I'm exploring whether a hybrid setup using Cluster API is feasible. We have Tenstorrent Galaxy servers equipped with GPUs for LLM inferencing, and I'm considering a hybrid model where the control plane runs on AWS, alongside regular worker nodes for KServe and monitoring. Meanwhile, I'd like to use Cluster API on metal3 to manage the Galaxy servers. Is this approach doable? Additionally, I'm curious if the EKS hybrid node option could work for us.
3 Answers
You're correct in thinking that Cluster API typically focuses on a single infrastructure provider. While having a control plane in the cloud and worker nodes on-premises is feasible, you'll need to ensure you're using an on-prem infrastructure provider for your setup. Have you figured out what control plane provider you're considering? Also, is it just the one cluster you’re targeting?

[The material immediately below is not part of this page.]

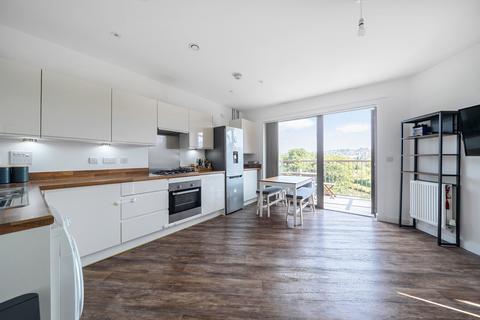 1 bedroom flat for sale, Wey Corner, Walnut Tree Close, Guildford, GU1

From what I gather, it seems like you're leaning towards an implementation of Cluster API, but it's worth noting that it has a limitation. The documentation mentions they don't support managing a single cluster across different infrastructure providers. So, if I'm reading your situation right, I'd say it's probably not advisable to proceed with that setup. Good luck, though!
Thanks for the insight! That makes sense.

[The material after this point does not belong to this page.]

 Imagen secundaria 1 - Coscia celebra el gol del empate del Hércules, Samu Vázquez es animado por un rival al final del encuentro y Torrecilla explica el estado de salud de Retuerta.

The architecture you're looking for isn't fully supported by CAPI, but there are ways to make aspects of it work. At Sidero, we moved away from CAPI to develop a solution for these needs – check out Talos Linux and Omni. We’re planning to support Tenstorrent drivers soon, but currently, we lack an automatic resource provisioning option for AWS or metal3. Keep in mind, EKS hybrid nodes can really add up cost-wise. We run our production in AWS while having worker nodes on bare metal, which has worked for us.
Yes, it's just one cluster. We are still deciding on the control plane provider. We did consider EKS hybrid nodes, but it looks like that won't meet our autoscaling needs.